Kommentar Gysi: Das Ende der Glaubwürdigkeit
Gysi hat seine politische Karriere mit der Aussage verknüpft, nie wissentlich mit der Stasi gekungelt zu haben. Umso bemerkenswerter, dass er nun seinen Revisionsantrag zurückzieht.
Die Aufarbeitung der jüngeren DDR-Geschichte ist eng mit dem Namen Gregor Gysi verbunden. Der heutige Fraktionschef der Linken wurde im Wendejahr 1989 zum Vorsitzenden der damaligen SED-PDS gewählt - und damit zu einem der vehementesten Fürsprecher eines notwendigen Demokratisierungsprozesses. Doch der Name Gysi fällt auch, wie der des früheren brandenburgischen Ministerpräsidenten Manfred Stolpe, immer dann, wenn das Ministerium für Staatssicherheit der DDR thematisiert wird.

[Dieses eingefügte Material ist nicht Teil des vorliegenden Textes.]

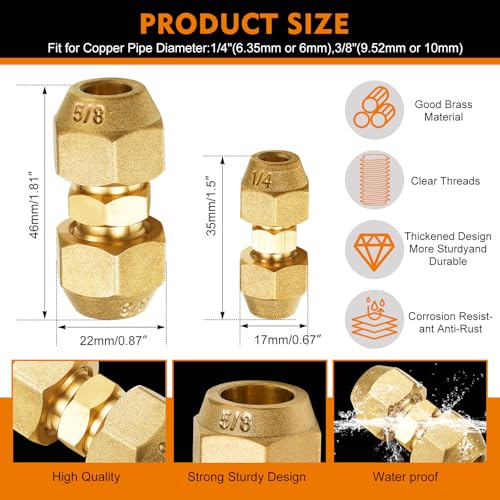 Image of Relaxweex 4 Pcs Copper Flare Coupling Connectors with Nuts HVAC,1 /4 inch 5 /8 inch | 1 /4 inch 5 /8 inch Compression Fittings for Copper Tubing, Air Conditioning Refrigeration, Flare Nut Adapters, Tube Connections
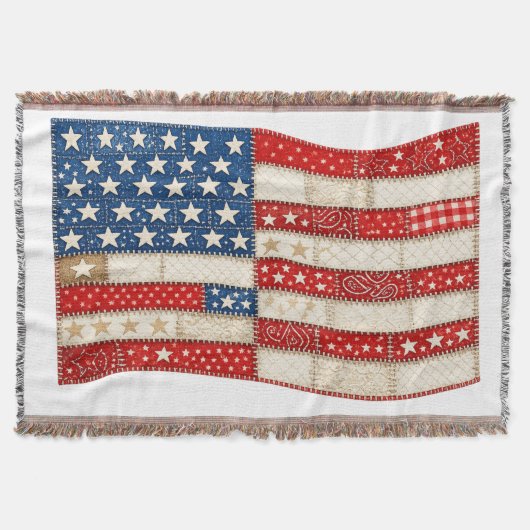 Amerikaanse Vlag PNG | Patchwork Patriottisch Ontw Deken (Voorkant)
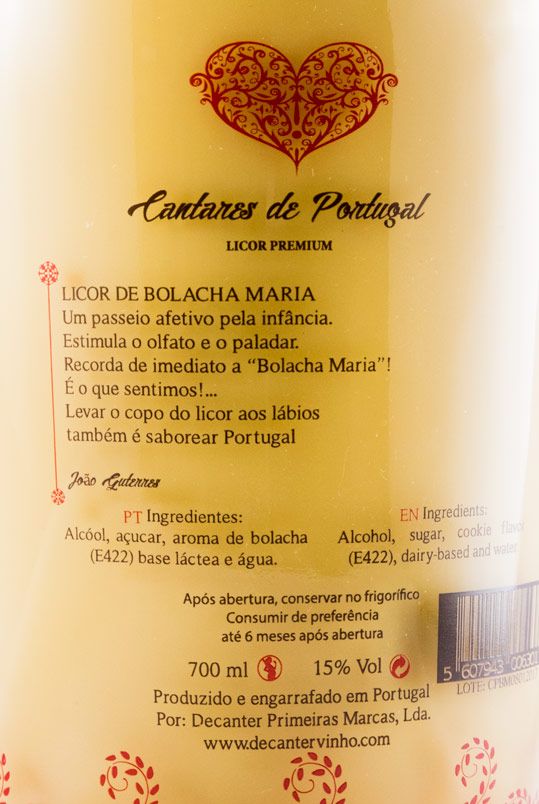 Licor Bolacha Maria Cantares de Portugal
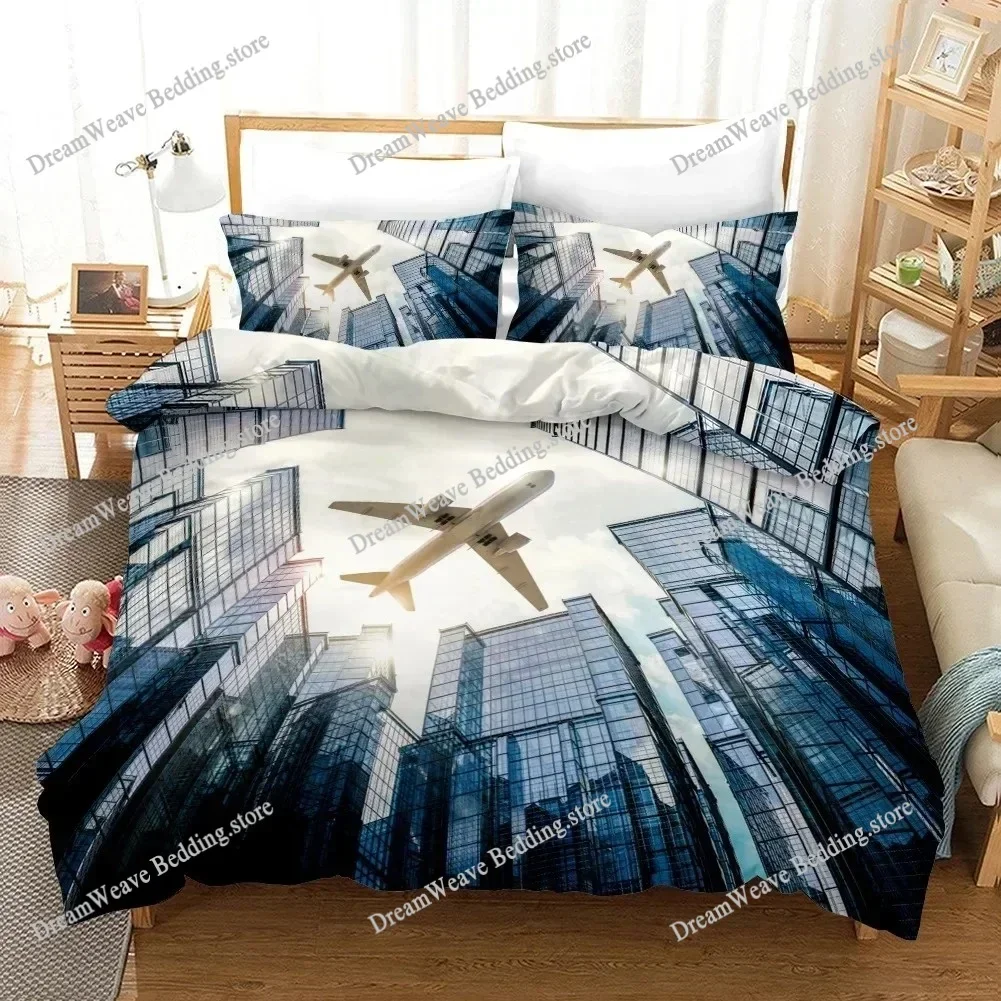 Bedding Decor Plane Duvet Cover Microfiber Airplane Flying Through The Blue Sky Plane Theme Bedding Set for Boys Girls King Size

Anders als in den anderen Ländern des realen Sozialismus war es den Bürgerrechtlern der DDR gelungen, die Archivbestände der Staatssicherheit zu sichern und zu öffnen. Und die belasten bis heute sowohl Stolpe als auch Gysi. Hunderte von Stasivermerken legen nahe, dass beide auf ihre Weise der Stasi auf unheimliche Art zugearbeitet haben. Der eine als "IM Sekretär", der andere als "IM Notar". Manfred Stolpe bearbeitete - um im Stasijargon zu bleiben - die evangelische Kirche. Auch die Tätigkeit Gregor Gysis war von Bedeutung, schließlich vertrat er als Anwalt mit Robert Havemann einen der unbequemsten, weil von links argumentierenden DDR-Dissidenten.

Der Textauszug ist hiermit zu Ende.